Michele Spagnuolo, 36 ans, ingénieur logiciel chez Google et résident en Suisse, a été mis en examen le 27 mai 2026 par le parquet du district sud de New York. Les charges retenues, fraude sur les marchés à terme, fraude électronique et blanchiment d’argent, découlent d’une même mécanique : l’exploitation d’informations non publiques, auxquelles son poste lui donnait un accès légitime, pour placer des paris financiers sur une plateforme de prédiction.
Entre octobre et décembre 2025, Spagnuolo aurait engagé près de 2,75 millions de dollars sur Polymarket via un compte opérant sous le pseudonyme « AlphaRaccoon ». Les transactions portaient sur des marchés directement liés à des données internes Google — des informations dont la confidentialité était explicitement signalée dans les outils maison, mentions en rouge incluses. Selon l’accusation : environ 1,2 million de dollars de profits ont été réalisés dès que les informations ont été rendues publiques et les marchés clôturés.
Un accès légitime détourné de sa finalité
Michele Spagnuolo n’a pas piraté de système. Il a utilisé des droits d’accès qui lui étaient accordés dans le cadre normal de ses fonctions, à un outil interne portant explicitement la mention « Google Confidential ». Il avait, selon l’acte d’accusation, signé les politiques de confidentialité et d’éthique correspondantes.
Ce profil d’insider de confiance, avec des habilitations étendues, agissant en dehors du périmètre prévu est précisément celui que les équipes sécurité et conformité ont le plus de mal à détecter. Les contrôles d’accès fonctionnaient. La politique existait. La violation a eu lieu quand même.

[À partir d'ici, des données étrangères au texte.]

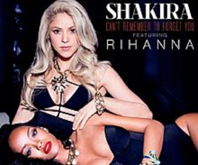 Shakira-Rihanna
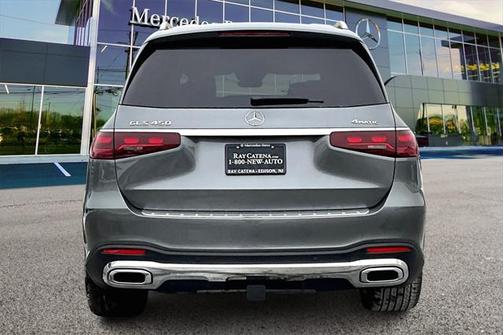 2025 Mercedes-Benz GLS 450 4MATIC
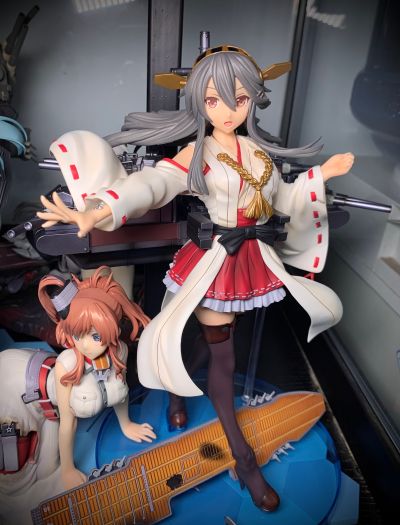 舰队Collection -舰娘- 榛名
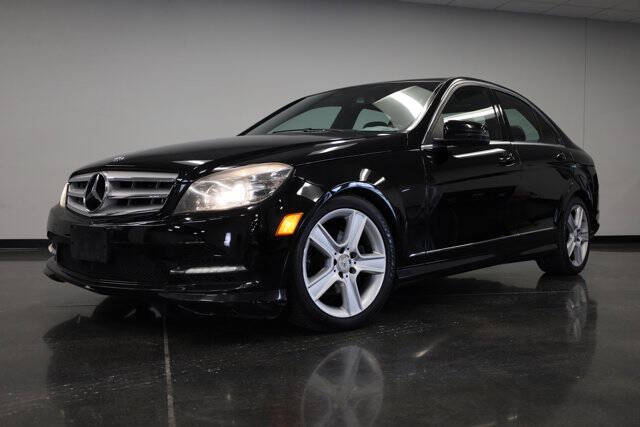 2011 Mercedes-Benz C-Class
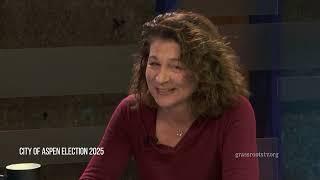 'Probeline' with Katy Frisch, Aspen Mayoral Candidate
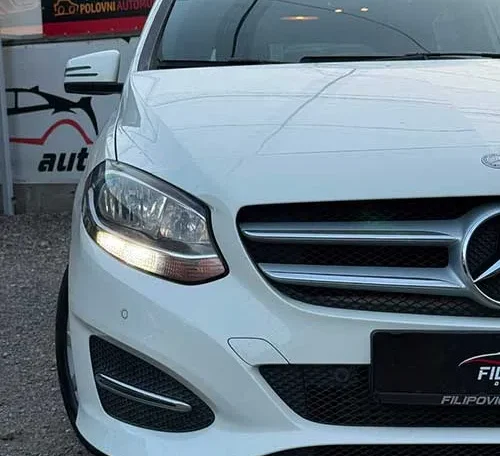 Mercedes Benz B 160 RATA 136E 2016. godište
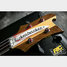 Rickenbacker 4003/4 , Mapleglo: Headstock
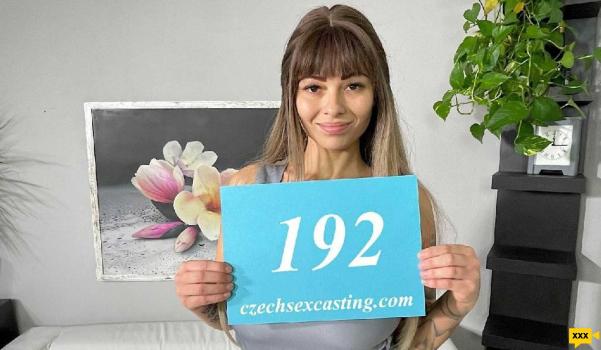 CzechSexCasting – Gorgeous bodied Dominno shows her wonders – 192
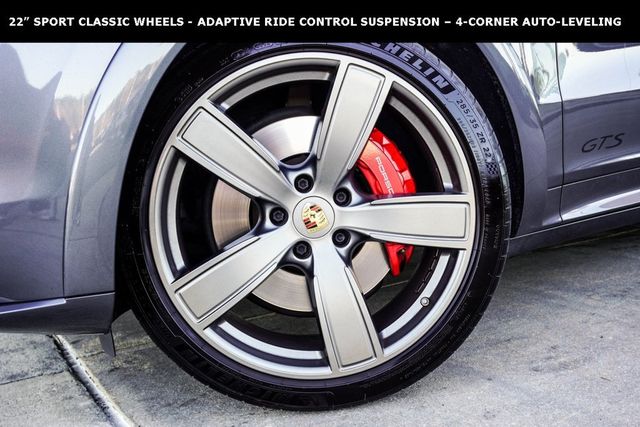 2021 Porsche Cayenne GTS AWD - 22971974 - 2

« Les initiés ne peuvent pas utiliser des informations commerciales confidentielles pour engranger des profits sur nos marchés. Spagnuolo a trahi les obligations qu’il avait envers son employeur »
Jay Clayton, procureur fédéral pour le district sud de New York.
Polymarket, nouvel angle mort de la conformité
Polymarket, enregistré aux États-Unis sous statut de marché à terme réglementé, traite des volumes considérables sur des événements allant des résultats électoraux aux annonces d’entreprises. Or ces plateformes n’entrent pas, jusqu’ici, dans le périmètre standard des politiques d’utilisation acceptable que les grandes entreprises imposent à leurs employés.
La question n’est pas théorique. Dès lors qu’un collaborateur peut monétiser des prévisions sur des événements liés à son employeur — lancement produit, résultats financiers, décision stratégique — via une plateforme de paris en ligne, le risque de fuite informationnelle prend une forme que peu de chartes informatiques ou de politiques RH anticipent aujourd’hui.
Les peines encourues atteignent vingt ans d’emprisonnement pour les chefs de fraude et de blanchiment. Au-delà du cas individuel, l’affaire rappelle que la valeur des données internes d’une organisation ne se mesure pas seulement à l’aune des cyberattaques externes, mais aussi à celle de ce que ses propres collaborateurs peuvent en faire.